Page MenuHomePhabricator
Paste P969

text-varnish stats/musings about 2layer effects
ActivePublic

Authored by BBlack on Jul 15 2015, 4:36 PM.
Experiment:
Raised cp1065 FE Cache size from 24G to 48G, then to 96G, for several days each.
No appreciable/consistent increase in hitrate
Conclusion: Hottest hits are well-contained within 24G, remaining potential hits are very-long-tail and thus difficult to capture within reasonable RAM-sizing bounds, no point increasing.

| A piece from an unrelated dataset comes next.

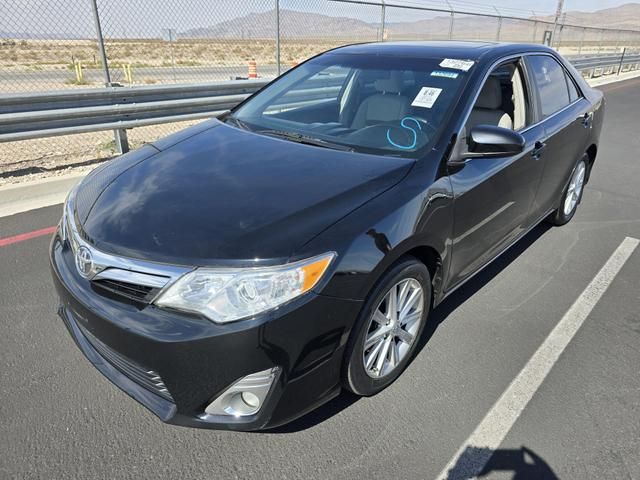 2014 Toyota Camry XLE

Ganglia data aggregated over all esams text-cache nodes
(used esams because tier1 BE stats are complicated by fetches from tier2 DCs)
ESAMS:
Effective FE Cache Size: 23G (weighted avg)
FE peaks in weekly graphs:
client_req: ~30K
cache_hit: ~22K
backend_req: ~6K
(2K discrepancy likely vcl_error (true errors, redirects) + PURGE)
(~79% true hit on non-error/redirect/PURGE)
cache_miss: ~2.8K
cache_hitpass: ~2.6K
s_pass: ~3.0K
(so basically, 50/50 split on true miss vs pass, most passes are hitpasses)
(keep in mind some "miss" may not be cacheable once fetched due to cache-control...)
Effective BE Cache Size: 13000G (sum)
(even for a very-long-tail, we'd expect some new hits here due to massive size...)
BE peaks in weekly graphs:
client_req: ~10K
(4K more than FE's backend_req. We can assume some is PURGE, perhaps some is FE error-restart not counting in FE.backend_req?)
cache_hit: ~3.5K
(how can this be higher than FE cache-miss? is BE caching a few things that cache-control allows, but FE explicitly pass/hitpass-es?)
backend_req: ~3.2K
(52% true hit - which is basically 10% true-hit on top of FE's true-hit, for total reqs)
(assuming the missing 3.3K is not "real" (PURGE + error + ??))
cache_miss: ~1.8K
cache_hitpass: ~1.0K
s_pass: ~1.5K
(would expect hitpass/pass to closely track FE, which means we have some pass/hitpass logic in FE that should be in BE but isn't)
(s_pass + cache_miss =~ 3.3K, FE s_pass is 3.0K, so perhaps if they were aligned on pass/hitpass, cache_miss would be ~0.3K?)